Breaking Symmetries with Involutions

TL;DR

This paper explores using involution-derived graph patterns to create efficient, strong symmetry-breaking constraints for graphs, improving over existing partial symmetry-breaking methods.

Contribution

It introduces a novel approach leveraging involution-based graph patterns to construct concise and effective symmetry-breaking constraints.

Findings

Patterns from involutions help identify large sets of non-canonical graphs.

The proposed constraints are small yet break many symmetries.
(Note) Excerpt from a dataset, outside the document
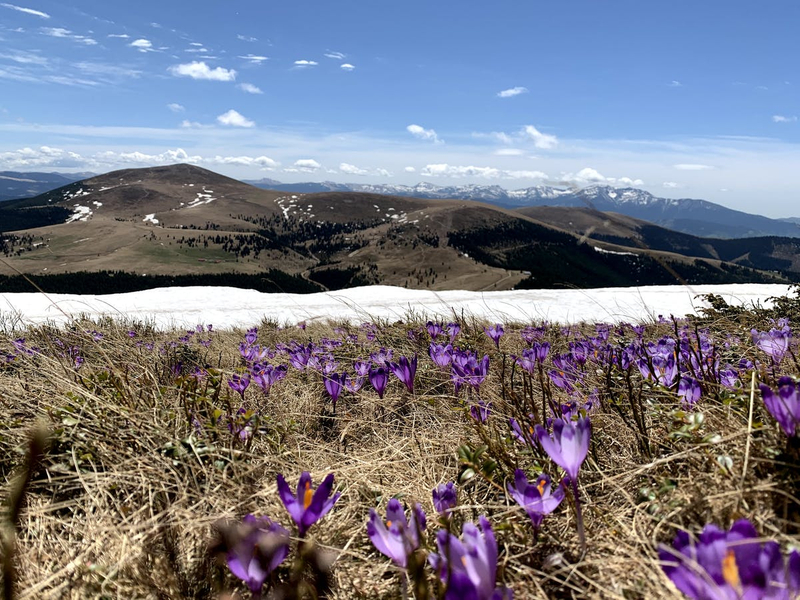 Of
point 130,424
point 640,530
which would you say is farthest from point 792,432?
point 130,424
Results show improved symmetry breaking over existing partial methods.

Abstract

Symmetry breaking for graphs and other combinatorial objects is notoriously hard. On the one hand, complete symmetry breaks are exponential in size. On the other hand, current, state-of-the-art, partial symmetry breaks are often considered too weak to be of practical use. Recently, the concept of graph patterns has been introduced and provides a concise representation for (large) sets of non-canonical graphs, i.e.\ graphs that are not lex-leaders and can be excluded from search. In particular, four (specific) graph patterns apply to identify about 3/4 of the set of all non-canonical graphs. Taking this approach further we discover that graph patterns that derive from permutations that are involutions play an important role in the construction of symmetry breaks for graphs. We take advantage of this to guide the construction of partial and complete symmetry breaking constraints based on graph patterns. The resulting constraints are small in size and strong in the number of symmetries they break.